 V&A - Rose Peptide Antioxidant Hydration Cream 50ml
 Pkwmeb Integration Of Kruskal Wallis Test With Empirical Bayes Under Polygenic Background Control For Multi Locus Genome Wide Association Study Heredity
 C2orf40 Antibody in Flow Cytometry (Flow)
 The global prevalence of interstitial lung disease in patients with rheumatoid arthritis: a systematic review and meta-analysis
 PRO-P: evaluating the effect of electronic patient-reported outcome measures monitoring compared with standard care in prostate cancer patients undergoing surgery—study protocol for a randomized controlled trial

WHAT YOU NEED TO DO
Every line that contains the string "patients" should be copied from the records.

ANSWER BOX
 The global prevalence of interstitial lung disease in patients with rheumatoid arthritis: a systematic review and meta-analysis
 PRO-P: evaluating the effect of electronic patient-reported outcome measures monitoring compared with standard care in prostate cancer patients undergoing surgery—study protocol for a randomized controlled trial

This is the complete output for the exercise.